From such decree, to which suitable exceptions were taken, this appeal is prosecuted. There were no findings of fact or conclusions of law other than the foregoing excerpt from the decree.

A careful reading of the evidence discloses that the respondents entered upon the land and constructed a standard gauge logging railroad some thirty-two hundred feet in *246length, at an expense of $5,000, the greater part of which was upon the line agreed to by the appellants; that in the building of the road they constructed drainage ditches at an expense of about $200, which reclaimed several acres of land and augmented both its rental and permanent value; that they paid the appellants $300 for the timber and $25 for the first year’s rental for the right of way, and at the proper time tendered them $50 as rental for the second year, in accordance with the alleged second agreement; that the appellants’ land is situate between the respondents’ sawmill and a large body of their timber; that, as the appellants knew, the respondents purchased the appellants’ timber only as an incident to the procuring of the right of way. It may also be gathered from the evidence that the respondents agreed to timber the right of way, and that the graveling was done without appellants’ consent. The evidence does not show that the graveling impaired the rental value of the land, or that it materially affected the fee. We do not think it is such waste as would authorize a cancellation of the lease. 30 Am. & Eng. Ency.
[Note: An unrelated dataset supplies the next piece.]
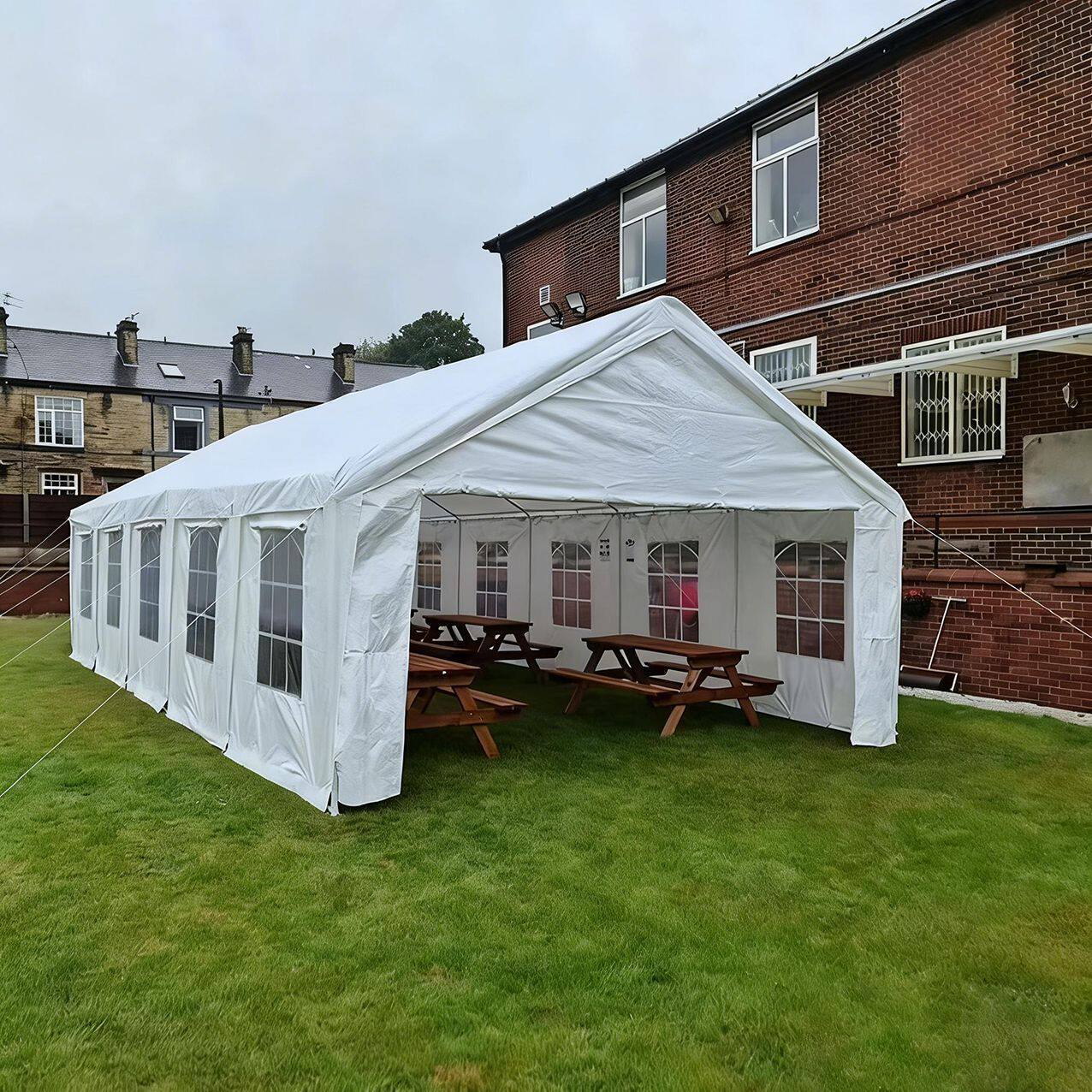 ก้างปลา เต็นท์งานแต่งงานกลางแจ้ง ชายหาดริมทะเล เหตุการณ์ เต็...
Law (2d ed.), 239.

The appellants urge that they can terminate the lease and recover possession of the right of way under the rule announced in Watkins v. Balch, 41 Wash. 310, 83 Pac. 321, 3 L. R. A. (N. S.) 852; Richards v. Redelsheimer, 36 Wash. 325, 78 Pac. 934; Dorman v. Plowman, 41 Wash. 477, 83 Pac. 322, and Snyder v. Harding, 38 Wash. 666, 80 Pac. 789. A parol lease for a longer period than one year, where the lessee has taken possession with the consent of the lessor, is only voidable, and it will not be terminated at the instance of the landlord when such course would be inequitable. Watkins v. Balch, supra. As was said in that case: “This on the principle that it would be permitting the statute to perpetrate, rather than prevent, frauds.”
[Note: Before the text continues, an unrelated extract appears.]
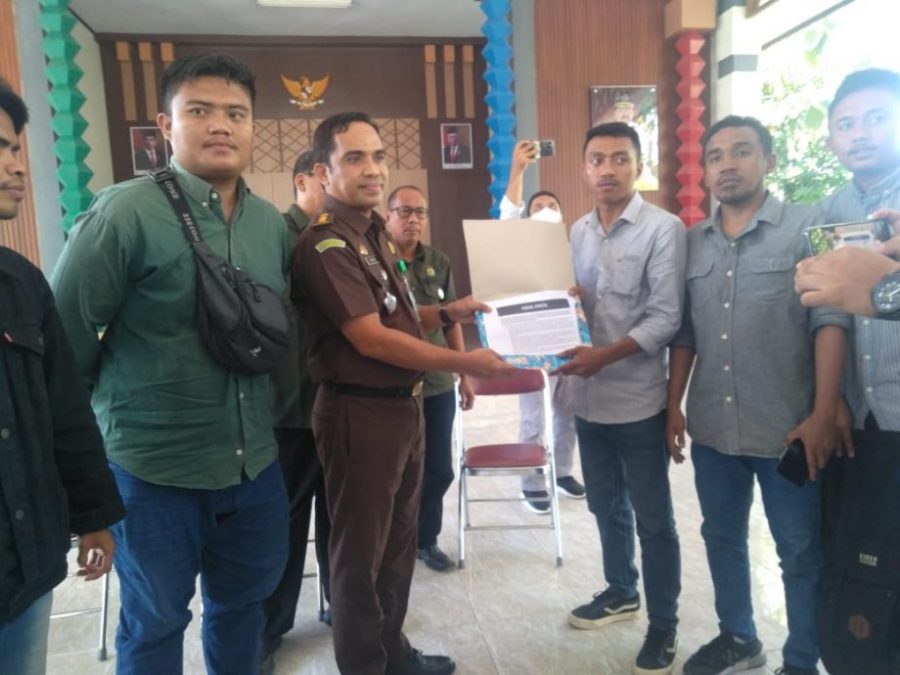 Kejaksaan Tinggi Gorontalo Diminta Proses Kasus Korupsi, Diduga Melibatkan Rusli Habibie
A strict application of the statute would in this case be a manifest injustice to the respondents. They purchased the appellants’ timber primarily for the purpose of securing the *247right of way. With the consent of the appellants they have expended a large sum of money in the construction of a logging railroad. The evidence leaves it exceedingly doubtful whether the drainage has not benefited the land in excess of the damage sustained by the graveling of which complaint is made. If timely application had been made, the graveling would have been enjoined. 30 Am. & Eng. Ency. Law (2d ed.), 293. The respondents can be required in a proper action to remove the gravel or respond in damages at the expiration of the lease. This will afford a sufficient remedy to the appellants, and will not deny the respondents the benefit of either their contract or the money which they have expended pursuant to it. The trial court had the benefit of the presence of the witnesses and presumably adopted the evidence most favorable to the respondents. However, the decree should have been in favor of the respondents for the leasehold period only. It was not so limited and, in the absence of a finding, we are not advised as to the court’s view as to the life of the lease. We do not think the respondents have established the second contract by a preponderance of the evidence. In view of the fact that the minor was fourteen years of age at the time of the making of the lease, we are impressed with the appellants’ testimony that the lease was for seven years only.

The judgment will therefore be modified so as to give the respondents the benefit of the right of way until August 1, 1913, at the yearly rental of $25. The appellants will recover their costs.

Rudkin, C. J., Fullerton, Chadwick, and Morris, JJ., concur.